Unless you plan on operating your sandwich shop out of a van, you’ll need to pay for a location. Location is a prime reason why restaurants succeed or fail, and where your shop is located will have a huge effect on your business and your costs. For a prime spot for lunch-goers, whether you are located in an urban center or a suburban strip mall, rent can be pricey. "Forbes" recommends limiting the cost of rent to 8 percent of your revenue.


From grills to counter stools, you’ll need to outfit your sandwich shop with the right equipment. What type of food you plan on serving will determine what you need to purchase. If you plan on selling only cold sandwiches, you won’t need any industrial ovens, fans or grills. But, if you want to serve hot sandwiches such as cheese steaks or other grilled hoagies, you’ll need the works. You’ll also need refrigeration systems, an area for cooking and preparation and seating for your customers. In addition, consider adding a point-of-sale system to better track and automate your sales. All of that will be wrapped into your startup costs in some form or another.
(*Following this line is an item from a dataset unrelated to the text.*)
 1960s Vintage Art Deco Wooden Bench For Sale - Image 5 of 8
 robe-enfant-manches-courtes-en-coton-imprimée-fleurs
Before your doors are opened to the public, you’ll have to stock your kitchen with food. According to "Forbes," the cost of goods sold should be between 25 percent and 40 percent of revenue. That is a large range; however, your menu will dictate your profit margin. Expensive food such as filet mignon or salmon will cost more per pound so, for your sandwich shop, your costs can be much lower. Don’t skimp on the menu items that will be your specialties, and consider what store-bought items you will make from scratch such as sauces and breads. At the beginning, you’ll want to maintain a tight cap on your food costs to maintain cash flow while you are determining your demand.


Unless you plan on being a one-man gang or recruiting your family for volunteer work in the kitchen, you’ll need to budget for payroll. "Forbes" says payroll should comprise 20 to 25 percent of revenue so put aside enough to meet payroll for the first few months you are open. Consider the type of employee working in your sandwich shop. Whether you will be hiring wait staff, cooks or cashiers, you’ll need to budget for a pay scale that fits your needs and attracts a solid staff.